Retirement

Liquidating an inherited IRA

Learn how to liquidate an inherited IRA and the tax implications of liquidating the account.

3 min read

An Individual Retirement Account (IRA) is designed to help individuals save for retirement, but when the original account owner dies, the beneficiaries must figure out what to do with retirement assets. One of the decisions that beneficiaries must make is whether to liquidate the inherited IRA or manage distributions over time.

If you inherited an IRA, you can choose to liquidate the IRA at any time. You can decide to liquidate the inherited IRA immediately by taking a lump sum distribution, or by spreading distributions based on the 10-year rule to avoid being pushed to a higher tax bracket. Keep in mind that liquidating an inherited IRA can mean taking large distributions, which can trigger significant tax liabilities.

Can you liquidate an inherited IRA without penalty?

Individuals who inherit an IRA are not subject to the 10% early withdrawal penalty that applies to withdrawals taken from a traditional IRA before age 59 ½. This means you can withdraw money from the inherited IRA at any time without worrying about the early withdrawal penalty, even if you are younger than 59 ½. 

However, while you won't owe an early withdrawal penalty on the money, distributions from an inherited IRA are considered taxable income and are subject to income taxes at your tax bracket rate. For example, if the total income, including inherited IRA distributions, pushes you to the 30% income tax bracket, you will pay more taxes during the tax year.

Tax consequences of inheriting a traditional IRA

Traditional IRAs are funded with pre-tax dollars, meaning that the original IRA holder did not pay income taxes on contributions or earnings generated over the years. However, any withdrawals taken from a traditional IRA will be subject to income taxes at your tax bracket.

If you inherited a traditional IRA, you will be responsible for paying income taxes on the withdrawals you make. If you take a sizeable distribution from the inherited IRA that is enough to lift you to a higher tax bracket, you may owe more income taxes on your other incomes as well.

Fortunately, inherited IRAs enjoy some special treatment. You won’t be required to pay an early withdrawal penalty that is ordinarily charged on early withdrawals made from a traditional IRA. Therefore, inherited IRA beneficiaries won’t be required to pay early withdrawal penalties, even if they are below age 59 ½.   

Tax Consequences of Inheriting a Roth IRA

Qualified distributions taken from a Roth IRA have a different tax treatment compared to traditional IRAs. Since a Roth IRA is funded with post-tax dollars, any qualified distributions taken from the account are generally tax-free.

A Roth IRA distribution is considered qualified if the money has been in the Roth IRA for at least five years, including the period when the original account owner was alive.

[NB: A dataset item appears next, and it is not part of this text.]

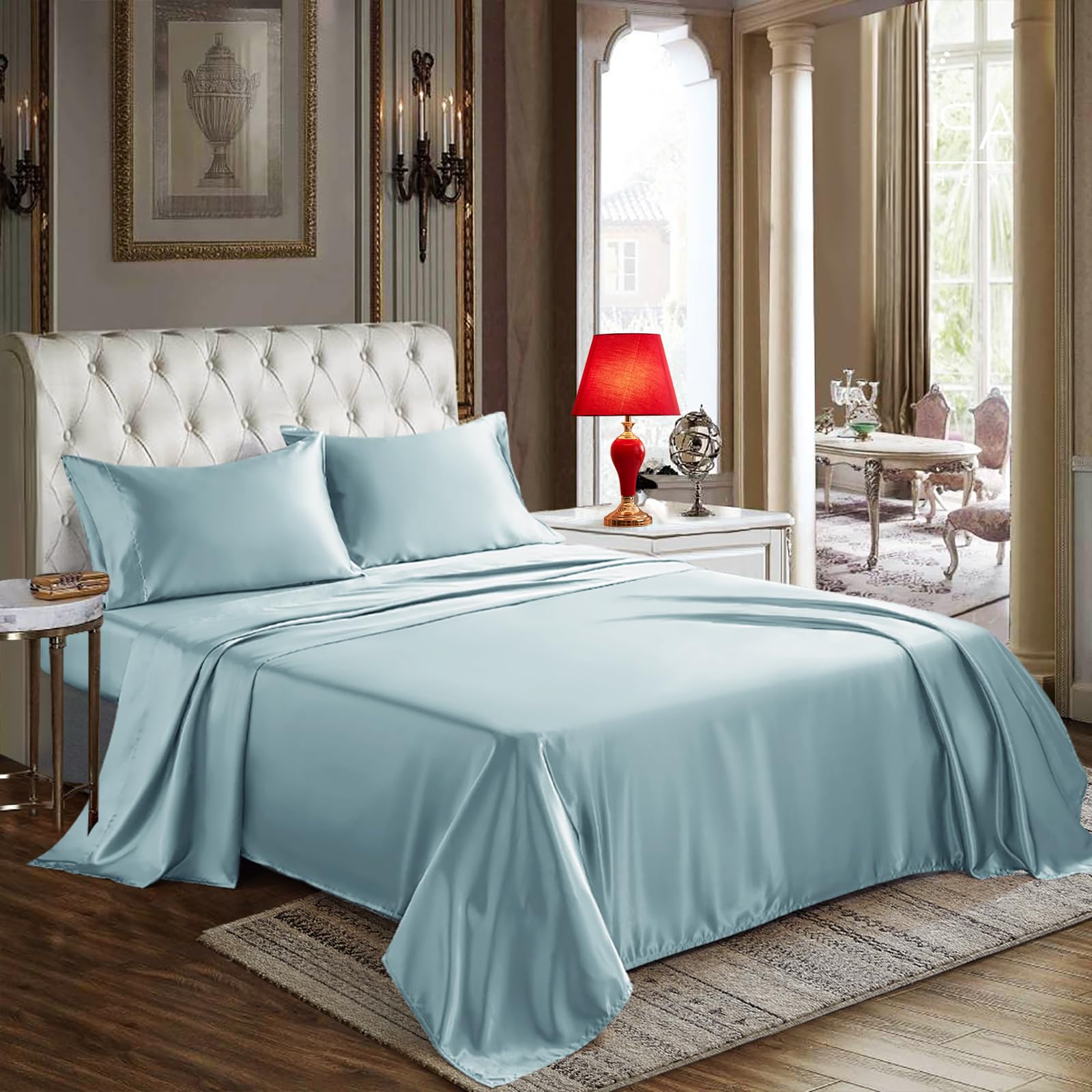 Cozylux Satin Sheets Full Size - 4 Piece Light Blue Bed Sheet Set With Silky Microfiber, 1 Deep Pocket Fitted Sheet, 1 Flat Shee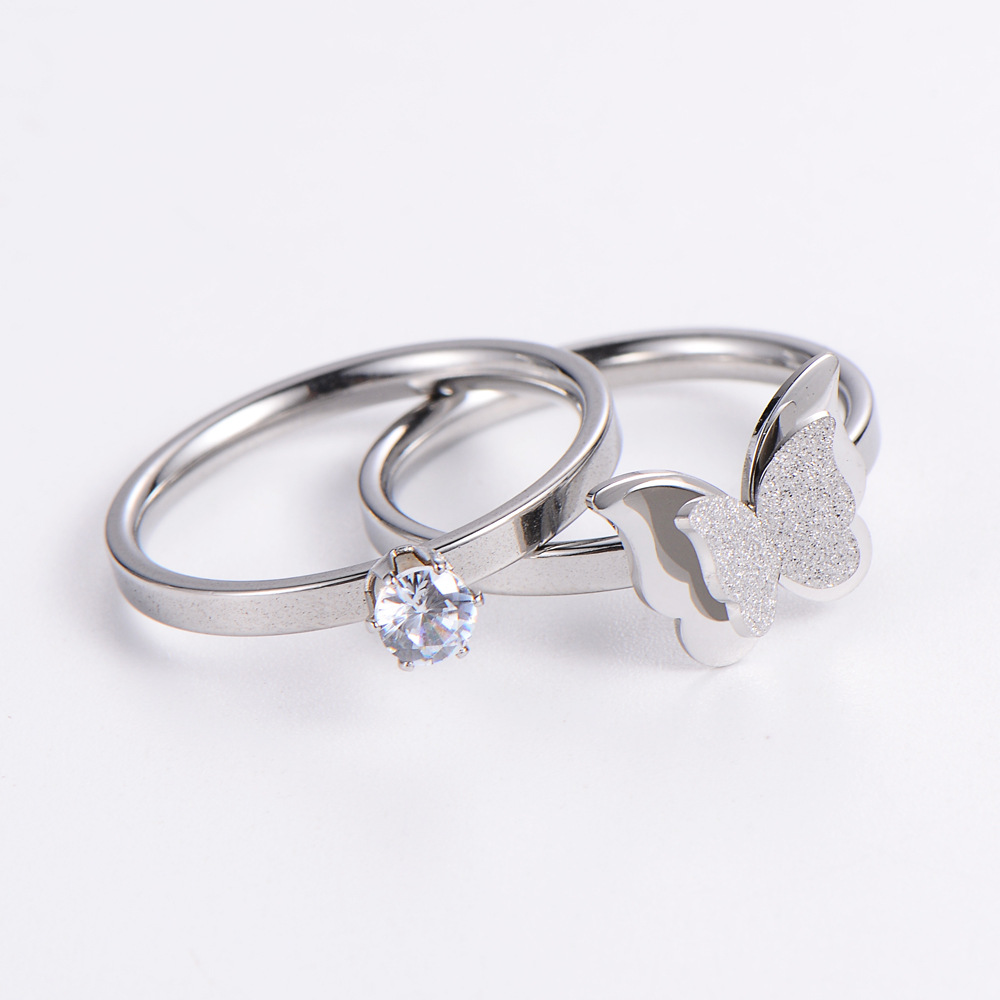 Stainless Steel Butterfly Ring And Solitaire Zirconia Ring For Women Frosted Matte Wing Elegant Wedding Jewelry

However, if the funds were held for less than five years, the distributions will be considered unqualified, and hence subject to income taxes.

Keep in mind that inherited Roth IRAs are subject to the 10-year rule, meaning that you must take the full distribution from the account by the 10th year since the original account owner’s death.

What to know about the 10-year rule

The 10-year rule for inherited IRAs applies to non-eligible designated beneficiaries who inherited an IRA on January 1, 2020, or later. It requires beneficiaries to empty the inherited IRA by the 10th year after the original IRA owner’s death. Non-eligible beneficiaries include non-spouse heirs such as parents, adult children, etc.

While beneficiaries are required to deplete the inherited IRA within 10 years, they are not required to take annual distributions. Beneficiaries have the flexibility to take distributions at any time and in any amount, as long the retirement account is fully distributed by the 10th year.

Certain beneficiaries are exempted from the 10-year rule. These beneficiaries include surviving spouses, minor children, disabled or chronically ill beneficiaries, and individuals who are no more than 10 years younger than the original IRA account holder. These beneficiaries can spread distributions based on their life expectancy. However, minor children lose this exception once they attain the age of majority, and will be subject to the 10-year rule once they reach age 21.

Penalties for non-compliance

Beneficiaries who are subject to the 10-year rule must fully withdraw the inherited IRA by December 31st of the 10th anniversary of the account owner’s death. Failure to empty the retirement account within the required time could result in penalties as high as 25% of the distributions not taken, or 10% if you correct the error within 2 years.

Due to the confusion created by the SECURE Act, the IRS waived penalties for some beneficiaries who inherited an IRA but missed RMDs from 2020 to 2023, and the waiver period runs until 2025. Once the waiver period ends, beneficiaries will still be required to deplete the inherited IRA within 10 years from the death of the original IRA owner.

Beneficiaries may want to start taking RMDs to avoid bigger mandatory distributions in the future.

Can I close my inherited IRA?

You may be able to close your inherited IRA, but you must withdraw the entire IRA balance and liquidate the account. However, be aware that withdrawing the full balance can have immediate tax implications. If you decide to close and cash out the entire distribution, the amount will be treated as income in the year of distribution. If the distribution is large enough, it can result in a substantial tax bill.